Compared with CPUs, the hardware architecture of GPUs differs significantly. For instance, current GPUs have over one hundred [http://encyclopedia.jrank.org/articles/pages/6904/SIMD-Single-Instruction-Multiple-Data-Processing.html SIMD (Single Instruction Multiple Data)] processors whereas current multi-core CPUs offer a much smaller number of cores. Moreover, most GPUs do not support atomic operations or locks. Due to the architectural differences, there are following three technical challenges in implementing the MapReduce framework on the GPU. First, the synchronization overhead in the runtime system of the framework must be low so that the system can scale to hundreds of processors. Second, due to the lack of dynamic thread scheduling on current GPUs, it is essential to allocate work evenly across threads on the GPU to exploit its massive thread parallelism. Third, the core tasks of MapReduce programs, including string processing, file manipulation and concurrent reads and writes, are unconventional to GPUs and must be handled efficiently.

Mars, MapReduce framework on the GPU was designed and implemented with these challenges in mind. Mars provides a small set of APIs that are similar to those of CPU-based MapReduce. Runtime system utilizes a large number of GPU threads for Map or Reduce tasks, and automatically assigns each thread a small number of key/value pairs to work on. As a result, the massive thread parallelism on the GPU is well utilized. To avoid any conflict between concurrent writes, Mars has a lock-free scheme with low runtime overhead on the massive thread parallelism of the GPU. This scheme guarantees the correctness of parallel execution with little synchronization overhead.

=== Mars API ===
Mars provides a small set of APIs. Similar to the existing MapReduce frameworks, Mars has two kinds of APIs, the user-implemented APIs, which the users implement, and the system-provided APIs, which the users can use as library calls. Mars has the following user-implemented APIs. These APIs are implemented with C/C++. void* type has been used so that the developer can manipulate strings and other complex data types conveniently.

<pre>
//MAP_COUNT counts result size of the map function.
voidMAP_COUNT(void *key, void *val, int keySize, int valSize);
//The map function.
voidMAP(void *key, void* val, int keySize, int valSize);
//REDUCE_COUNT counts result size of the reduce function.
void REDUCE_COUNT(void* key, void* vals, int keySize, int valCount);
//The reduce function.
void REDUCE(void* key, void* vals, int keySize, int valCount);
</pre>
Mars has the following four system-provided APIs. The emit functions are used in user-implemented map and reduce functions to output the intermediate/final results.
<pre>
//Emit the key size and the value size inMAP_COUNT.
void EMIT_INTERMEDIATE_COUNT(int keySize, int valSize);
//Emit an intermediate result in MAP.
void EMIT_INTERMEDIATE(void* key, void* val, int keySize, int valSize);
//Emit the key size and the value size in REDUCE_COUNT.
void EMIT_COUNT(int keySize, int valSize);
//Emit a final result in REDUCE.
void EMIT(void *key, void* val, int keySize, int valSize);
</pre>
Overall, the APIs in Mars are similar to those in the existing MapReduce frameworks such as Hadoop and Phoenix. The major difference is that Mars needs two APIs to implement the functionality of each CPU-based API. One is to count the size of results, and the other one is to output the results. This is because the GPU does not support atomic operations, and the Mars runtime uses a two-step design for the result output.

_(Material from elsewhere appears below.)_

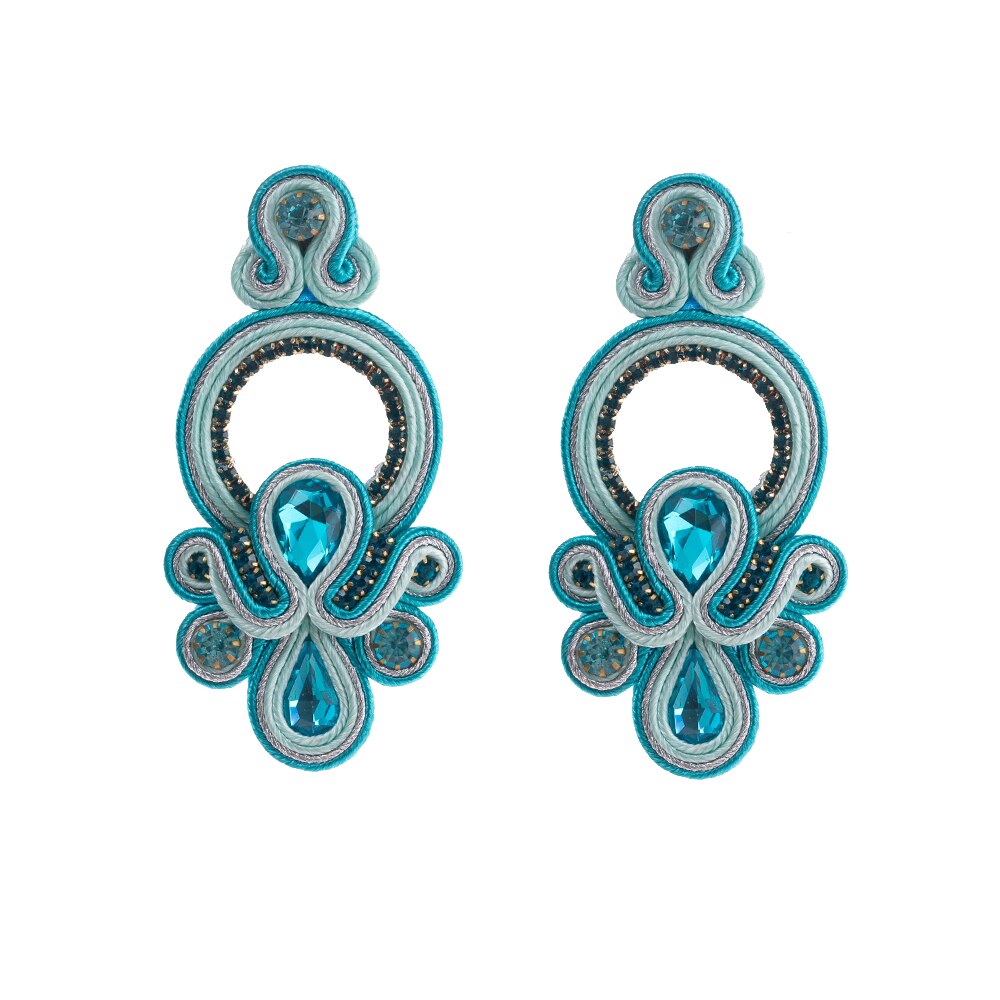 KPacTa Luxury Ladies Earrings Handmade Ethnic Earrings for Women Pendant Earrings Party National Wind: bule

=== Implementation Details ===

Since the GPU does not support dynamic memory allocation on the device memory during the execution of the GPU code, arrays are used as the main data structure. The input data, the intermediate result and the final result are stored in three kinds of arrays, i.e., the key array, the value array and the directory index. The directory index consists of an entry of <key offset, key size, value offset, value size> for each key/value pair. Given a directory index entry, the key or the value at the corresponding offset in the key array or the value array is fetched. With the array structure, for the input data as well as for the result output the space on the device memory is allocated before executing the GPU program. However, the sizes of the output from the map and the reduce stages are unknown.The output scheme for the map stage is similar to that for the reduce stage.

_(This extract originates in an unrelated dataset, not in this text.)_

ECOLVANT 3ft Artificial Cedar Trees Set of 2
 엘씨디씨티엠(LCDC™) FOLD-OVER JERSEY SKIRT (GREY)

First, each map task outputs three counts, i.e., the number of intermediate results, the total size of keys (in bytes) and the total size of values (in bytes) generated by the map task. Based on key sizes (or value sizes) of all map tasks, the runtime system computes a prefix sum on these sizes and produces an array of write locations. A write location is the start location in the output array for the corresponding map task to write. Based on the number of intermediate results, the runtime system computes a prefix sum and produces an array of start locations in the output directory index for the corresponding map task. Through these prefix sums, the sizes of the arrays for the intermediate result is also known. Thus, the runtime allocates arrays in the device memory with the exact size for storing the intermediate results.

Second, each map task outputs the intermediate key/value pairs to the output array and updates the directory index. Since each map has its deterministic and non-overlapping positions to write to, the write conflicts are avoided. This two-step scheme does not require the hardware support of atomic functions. It is suitable for the massive thread parallelism on the GPU. However, it doubles the map computation in the worst case. The overhead of this scheme is application dependent, and is usually much smaller than that in the worst case.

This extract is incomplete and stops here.